The event started at 6. I got there at 4 to help finish setting up. Part of the set up was cutting the 14 pies the caterer made.
There were 8 different kinds of pies, including unique pies (lemon buttermilk & butterscotch) and my old favorite, chocolate. I cut pies for about 20 minutes. I got pie on my fingers. I served pie to the table I was assigned to wait on when it was time for dessert.
I had zero desire--absolutely no temptaiont--to eat a piece of pie.
They looked lovely. Everyone was oohing and ahhing over them. I let fond memories fill my head, of eating chocolate pie when I was a kid that my grandmother made especially for me. For grandma and me, chocolate pie=love.
And then I let in memories of eating half a pie or more at one time; of sneaking a 3rd and then 4th piece, hoping no one would notice. Then feeling sick and helpless and berating myself for eating so much. Those memories kept me from eating pie Saturday.

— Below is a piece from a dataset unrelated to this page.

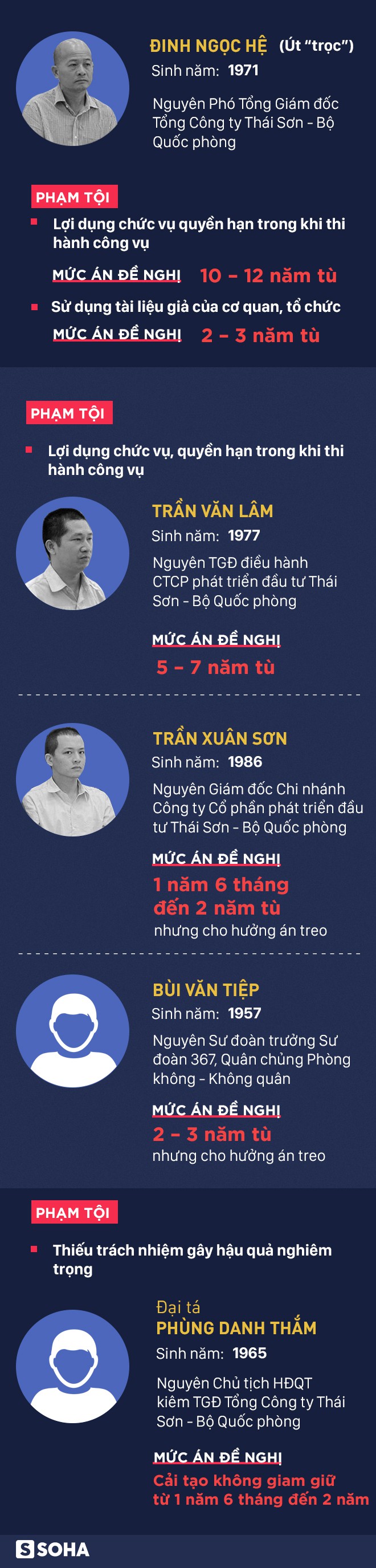 Cựu thượng tá quân đội Út “trọc” bị đề nghị 12 - 15 năm tù - Ảnh 1.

More than anything, though, it's the OA program and abstinence that kept the desire for pie away.
I may not have perfectly clean abstinence right now. But I have perfectly clean abstinence when it comes to dessert. And for that I am grateful.
2 comments:
We probably all have a "pie" in our background. Good job. I think it is 100% kinder to oneself to abstain than try to moderate. And people just do not get that. If someone is at goal weight, been maintaining there for many years, I believe them when they talk about moderation. But most people adamant about moderation are not at goal. . .
Exactly. Moderation isn't possible for people with food addiction. That's like asking an alcoholic to moderate his alcohol intake. And most people with food/weight issues are in denial of having an addiction.
You might be interested to know there are a few anorexics/bullemics in my OA group. One lady who's anorexic gave a talk a couple of weeks ago. it was fascinating to hear what she went through. you were the first person I know who talked about anorexia being the same issue we have, just in a different manefestation. it's very true.